### Your assignment
In the reply, include exactly the lines of the entries below from the first to the line with "Item preview, Beyblade", that line included.

[Web page caption snippets]
········

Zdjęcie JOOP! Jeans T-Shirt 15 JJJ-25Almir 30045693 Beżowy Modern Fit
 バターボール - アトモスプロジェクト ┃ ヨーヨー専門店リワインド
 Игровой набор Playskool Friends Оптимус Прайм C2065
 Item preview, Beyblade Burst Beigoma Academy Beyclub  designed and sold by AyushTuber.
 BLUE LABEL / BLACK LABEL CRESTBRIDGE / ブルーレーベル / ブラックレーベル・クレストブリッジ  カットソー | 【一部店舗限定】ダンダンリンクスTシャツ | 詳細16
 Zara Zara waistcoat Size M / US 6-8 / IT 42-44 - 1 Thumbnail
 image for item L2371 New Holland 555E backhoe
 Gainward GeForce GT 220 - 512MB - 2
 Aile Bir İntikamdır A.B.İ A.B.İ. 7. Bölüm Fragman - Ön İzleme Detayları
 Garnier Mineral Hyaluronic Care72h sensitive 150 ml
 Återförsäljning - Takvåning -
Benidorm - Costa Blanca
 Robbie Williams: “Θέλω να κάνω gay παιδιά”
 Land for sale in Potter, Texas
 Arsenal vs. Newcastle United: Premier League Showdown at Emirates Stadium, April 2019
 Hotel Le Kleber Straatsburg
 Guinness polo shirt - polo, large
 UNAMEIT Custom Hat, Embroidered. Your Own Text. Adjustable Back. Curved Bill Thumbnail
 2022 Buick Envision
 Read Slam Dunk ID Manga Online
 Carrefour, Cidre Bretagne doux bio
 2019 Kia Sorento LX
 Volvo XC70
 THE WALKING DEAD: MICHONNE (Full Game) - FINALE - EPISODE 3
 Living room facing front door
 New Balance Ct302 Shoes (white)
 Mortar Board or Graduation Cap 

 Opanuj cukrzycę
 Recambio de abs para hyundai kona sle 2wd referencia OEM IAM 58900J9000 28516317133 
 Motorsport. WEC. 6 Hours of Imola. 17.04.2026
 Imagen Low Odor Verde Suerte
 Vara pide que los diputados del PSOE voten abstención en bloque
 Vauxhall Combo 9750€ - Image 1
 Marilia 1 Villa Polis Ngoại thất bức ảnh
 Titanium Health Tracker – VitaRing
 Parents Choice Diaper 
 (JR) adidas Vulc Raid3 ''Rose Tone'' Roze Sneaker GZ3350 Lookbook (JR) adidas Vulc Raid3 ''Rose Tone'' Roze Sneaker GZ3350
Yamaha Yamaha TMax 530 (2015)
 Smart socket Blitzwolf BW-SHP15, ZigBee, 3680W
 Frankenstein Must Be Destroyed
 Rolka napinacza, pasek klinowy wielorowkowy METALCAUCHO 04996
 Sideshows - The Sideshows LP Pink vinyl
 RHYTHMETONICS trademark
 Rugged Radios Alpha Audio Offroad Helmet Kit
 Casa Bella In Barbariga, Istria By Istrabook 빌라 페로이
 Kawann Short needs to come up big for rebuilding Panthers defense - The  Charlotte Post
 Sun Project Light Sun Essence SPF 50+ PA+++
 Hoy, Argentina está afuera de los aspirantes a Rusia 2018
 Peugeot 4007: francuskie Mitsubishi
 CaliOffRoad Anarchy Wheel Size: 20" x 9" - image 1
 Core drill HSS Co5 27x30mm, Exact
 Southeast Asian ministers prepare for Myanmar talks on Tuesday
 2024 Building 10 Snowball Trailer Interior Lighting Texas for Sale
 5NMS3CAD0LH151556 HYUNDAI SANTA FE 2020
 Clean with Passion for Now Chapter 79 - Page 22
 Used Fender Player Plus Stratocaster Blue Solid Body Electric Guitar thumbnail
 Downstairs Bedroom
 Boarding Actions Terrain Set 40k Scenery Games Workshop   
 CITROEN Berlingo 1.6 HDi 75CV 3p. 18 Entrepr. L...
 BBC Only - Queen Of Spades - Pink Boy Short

········

### Response area
Zdjęcie JOOP! Jeans T-Shirt 15 JJJ-25Almir 30045693 Beżowy Modern Fit
 バターボール - アトモスプロジェクト ┃ ヨーヨー専門店リワインド
 Игровой набор Playskool Friends Оптимус Прайм C2065
 Item preview, Beyblade Burst Beigoma Academy Beyclub  designed and sold by AyushTuber.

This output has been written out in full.